──────── Study material

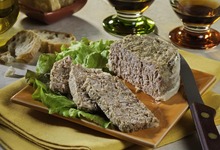 Lot de 5 pâtés - Ferme las Cases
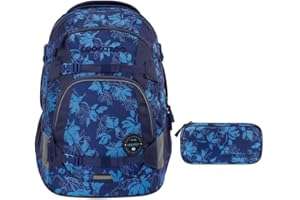 coocazoo MATE Schulrucksack-Set 2tlg inkl. Schlamperbox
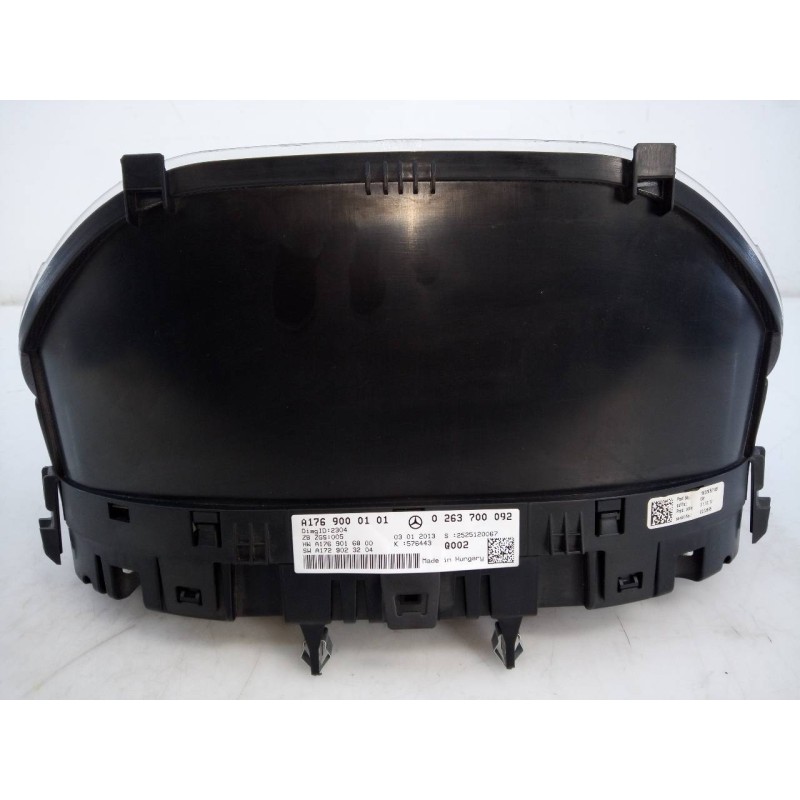 Recambio de cuadro instrumentos para mercedes-benz clase a (w176) a 180 cdi blueefficiency (176.000) referencia OEM IAM A1769000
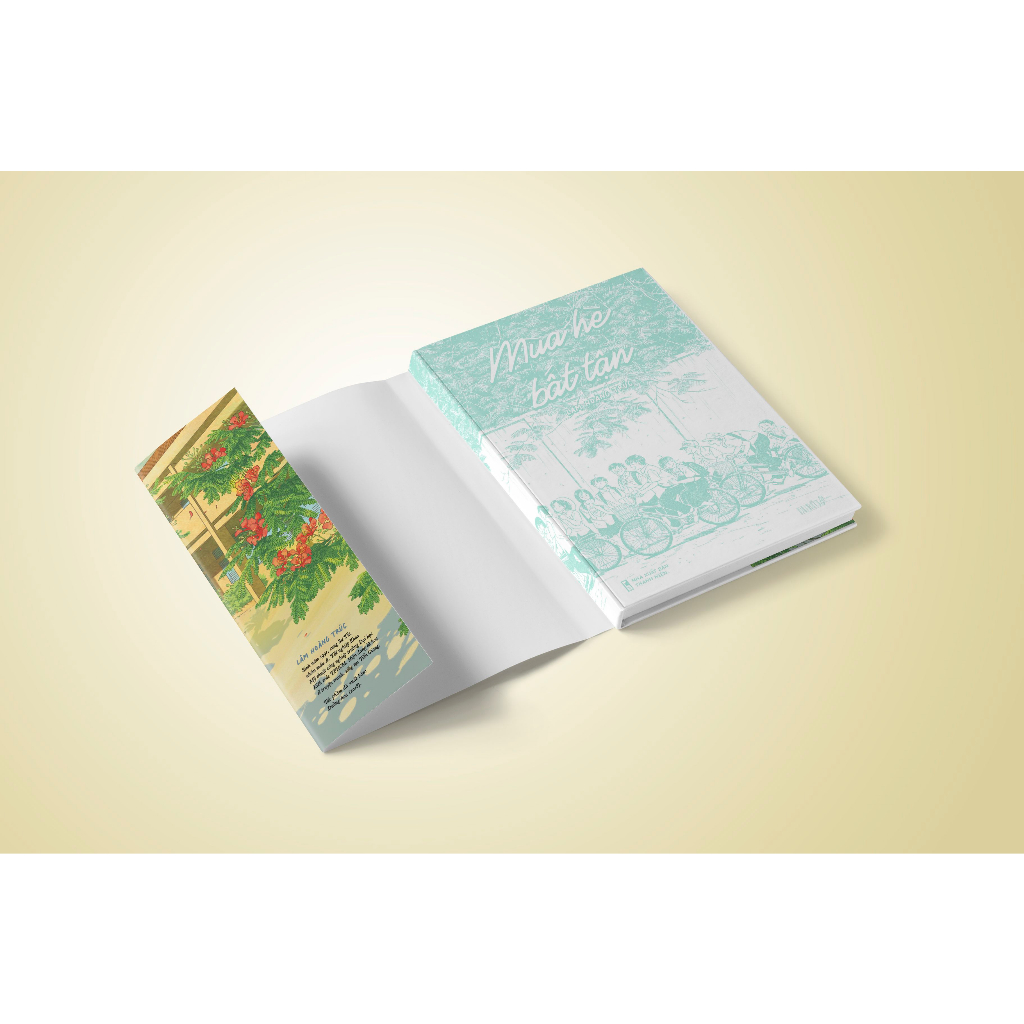 Sách - Mùa Hè Bất Tận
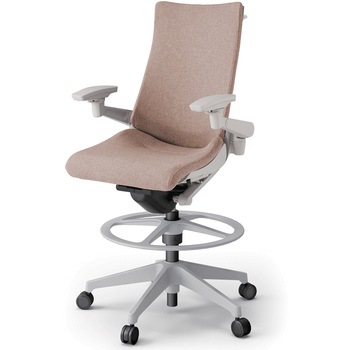 KG-417SAHP-GNF6 アクトチェア ハイポジションタイプ テクスチャードクロスバック ハイバック ランバーサホート付 ハンガー付 グレーフレーム 可動肘 ＜配送時組立サービス付＞ イトーキ 54369867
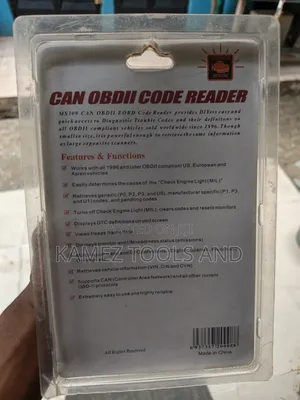 Can Obdii Code Reader Car Scanner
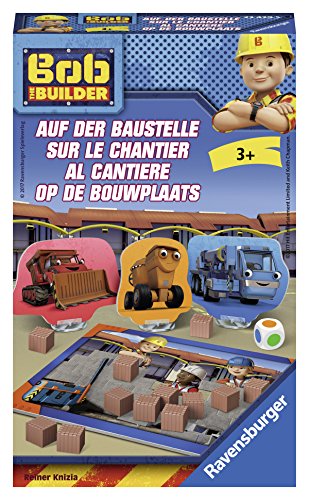 Ravensburger 23429 - Bob the Builder Auf der Baustelle - Kinderspiel/ Reisespiel von Ravensburger Spiele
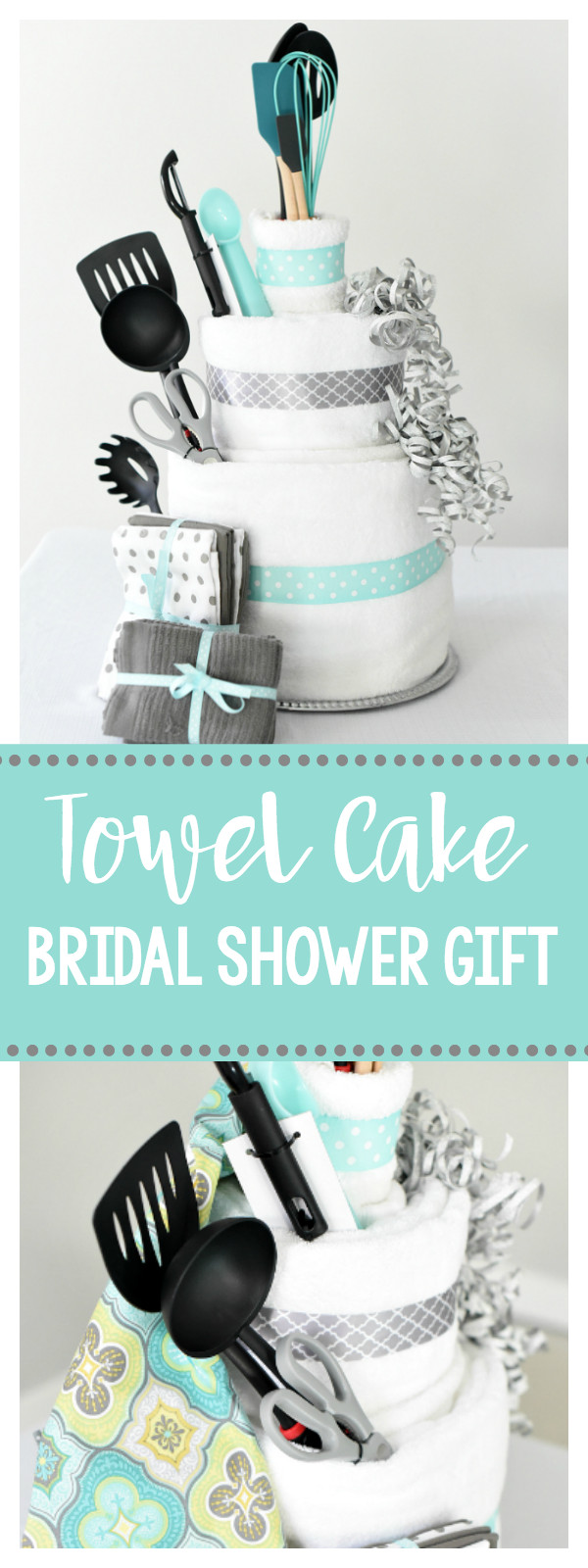 DIY Bridal Shower Gifts
 Towel Cake A Fun DIY Bridal Shower Gift – Fun Squared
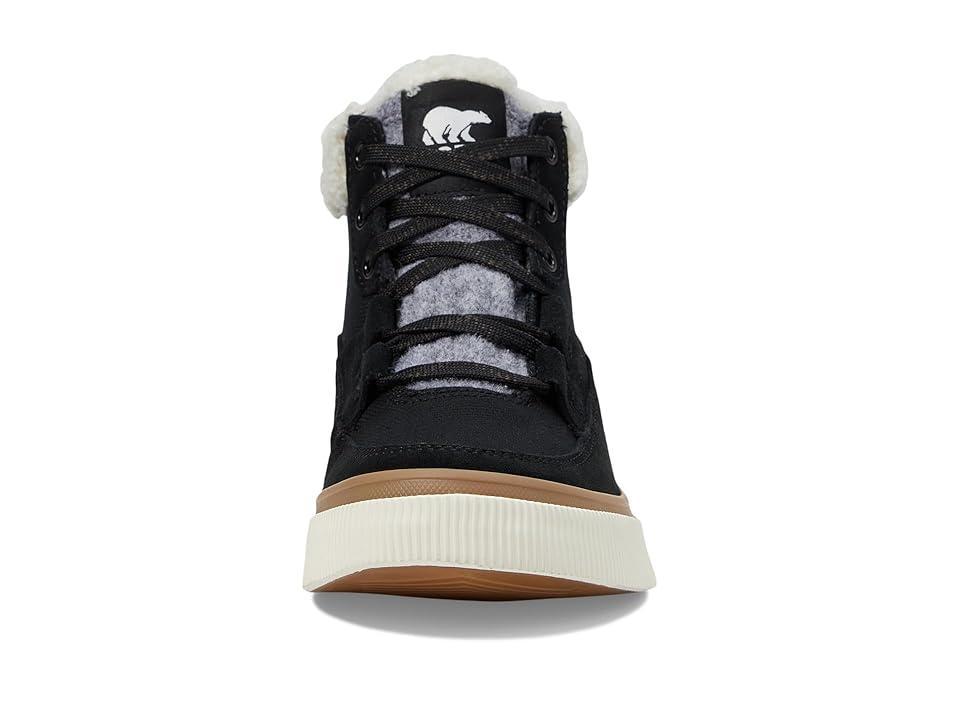 SOREL Out N About IV Mid Sneaker Waterproof Sea Salt) Women's Shoes Product Image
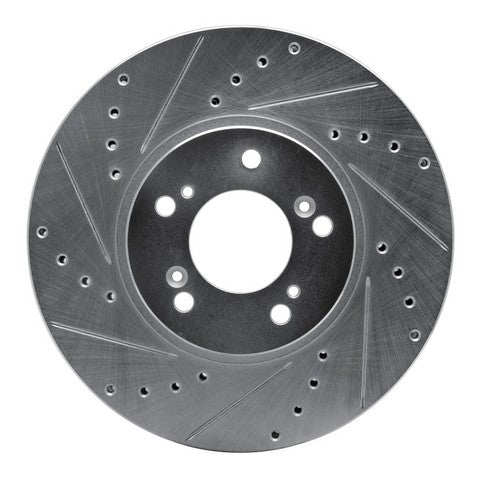 Disc Brake Rotor Dynamic Friction 631-58015L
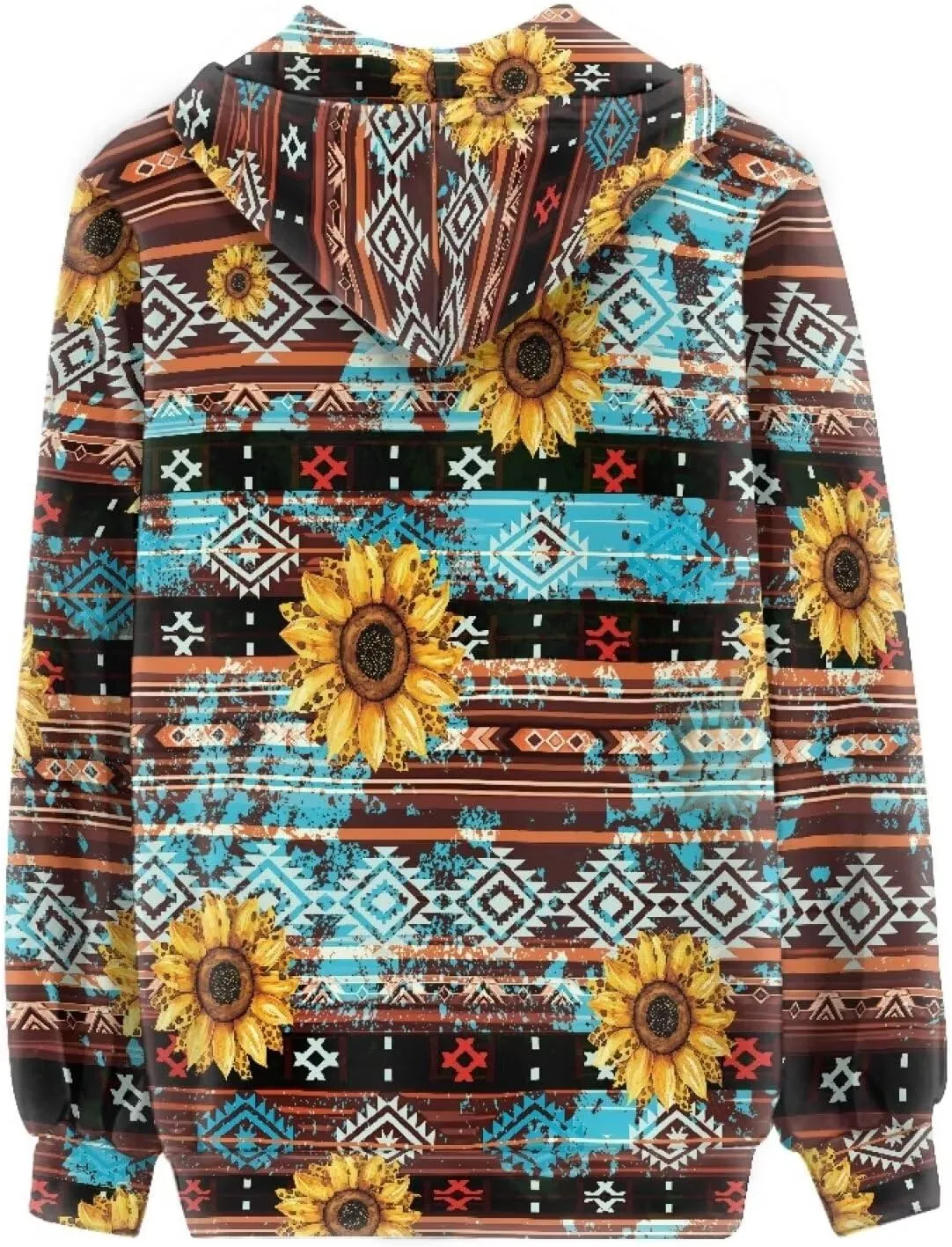 Hoodies for Women XS-5XL Long Sleeve Hooded Sweatshirts Fall Winter Jackets Fashion Clothes 2024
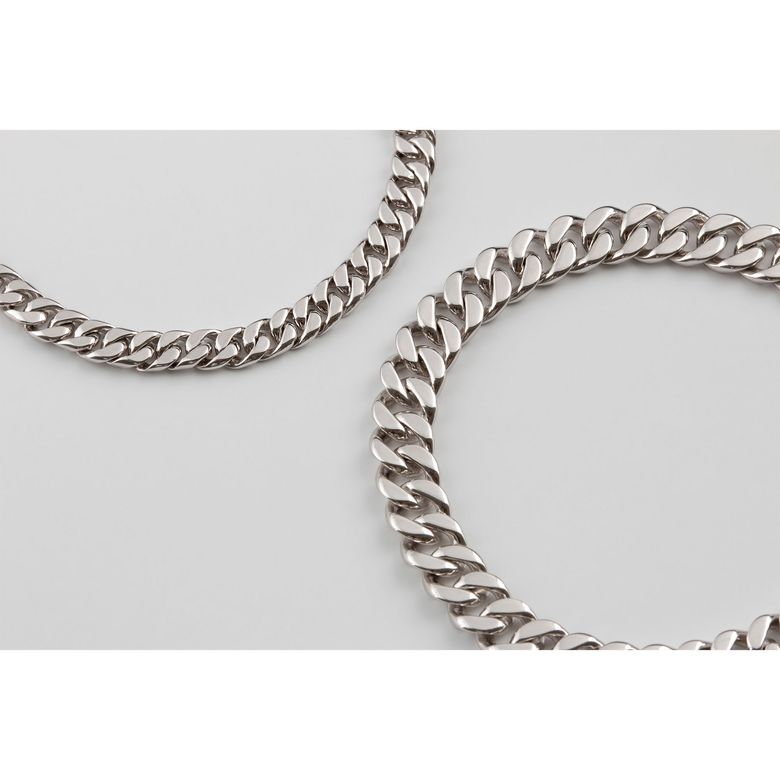 실버 925 면체인 팔찌 (Silver Chain bracelet)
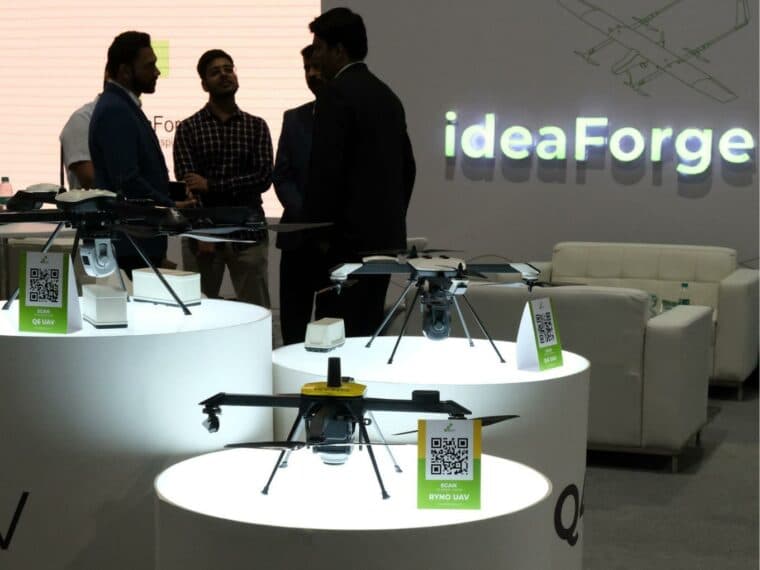 ideaForge Forms JV With First Breach To Scale Offerings In US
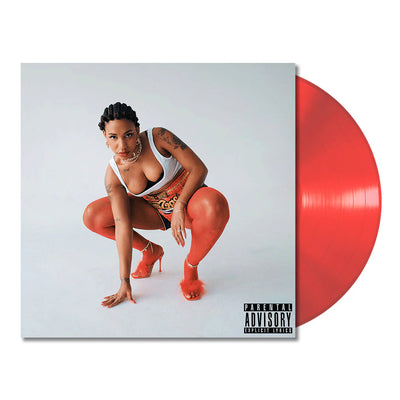 Ten Fold (Translucent Red Vinyl)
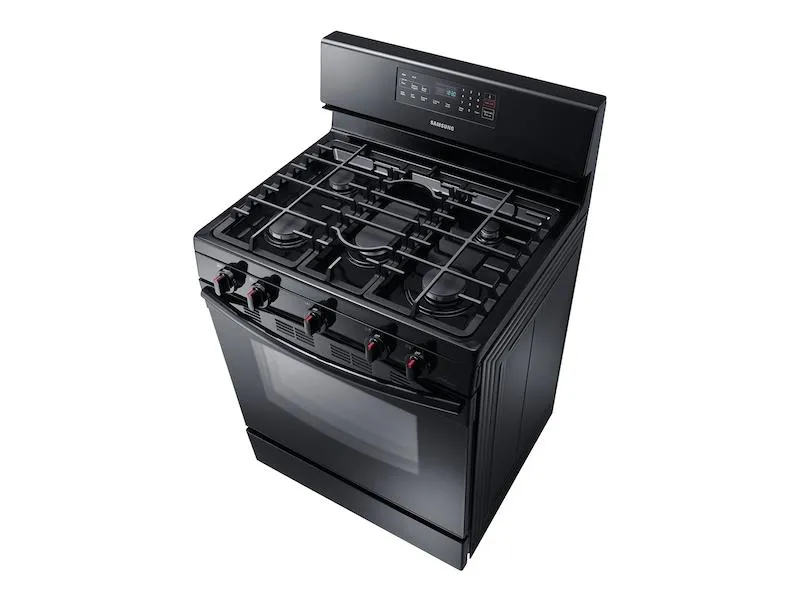 Samsung NX58F5500SB 5.8 cu. ft. Gas Range in Black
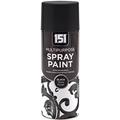 151 Black Gloss Multi-Purpose Aerosol Spray Paint 400ml (12 Pack)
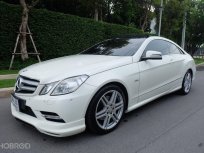 2012 Mercedes-Benz E200 2.0 AMG รถเก๋ง 2 ประตู 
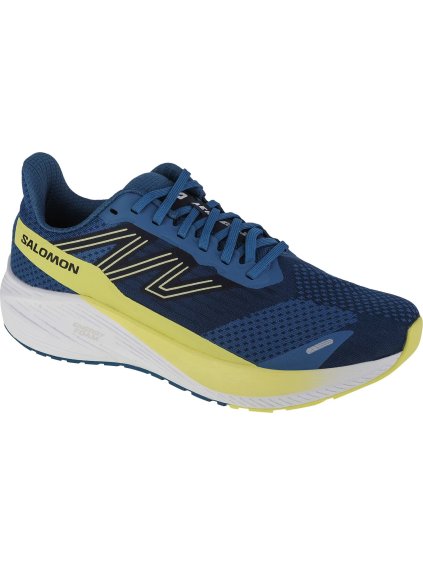 Tmavě modré běžecké tenisky Salomon Aero Blaze Wide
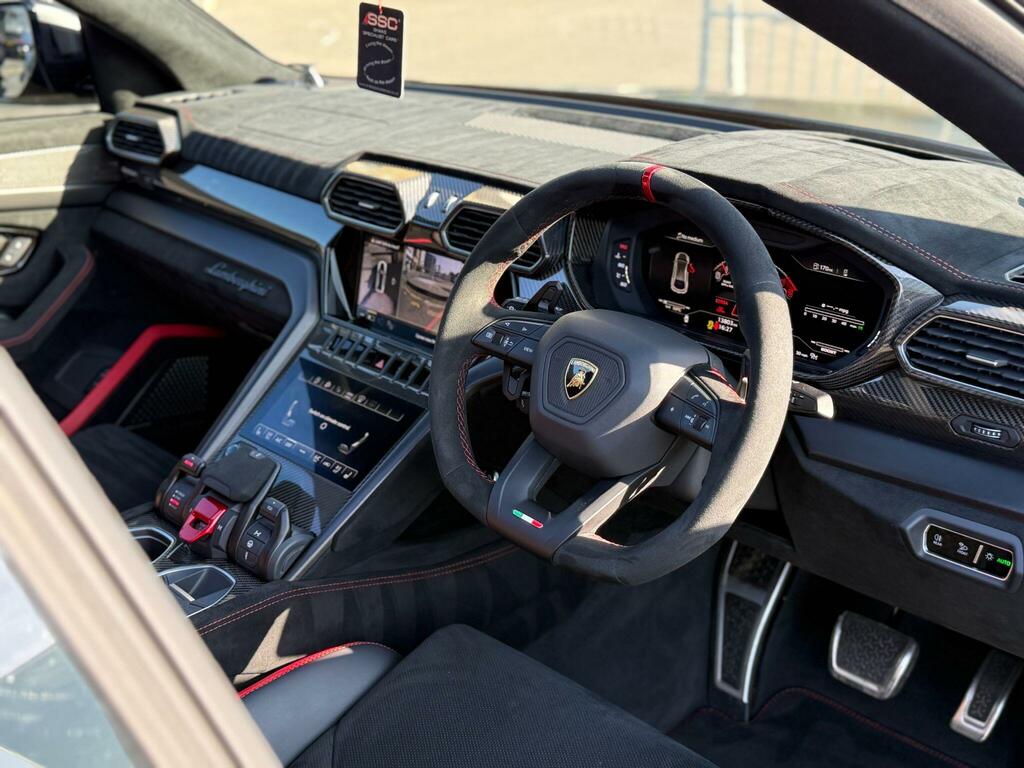 Lamborghini Urus Urus V8 S Orange #29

────────────────

• Problem to solve:
Only one stretch of the listing is wanted: the lines starting at the one with "DIY Bridal Shower Gifts" and ending at the one with "Ten Fold (Translucent Red Vinyl)", copied exactly and free of pictures.

• Output of the task:
 DIY Bridal Shower Gifts
 Towel Cake A Fun DIY Bridal Shower Gift – Fun Squared
 SOREL Out N About IV Mid Sneaker Waterproof Sea Salt) Women's Shoes Product Image
 Disc Brake Rotor Dynamic Friction 631-58015L
 Hoodies for Women XS-5XL Long Sleeve Hooded Sweatshirts Fall Winter Jackets Fashion Clothes 2024
 실버 925 면체인 팔찌 (Silver Chain bracelet)
 ideaForge Forms JV With First Breach To Scale Offerings In US
 Ten Fold (Translucent Red Vinyl)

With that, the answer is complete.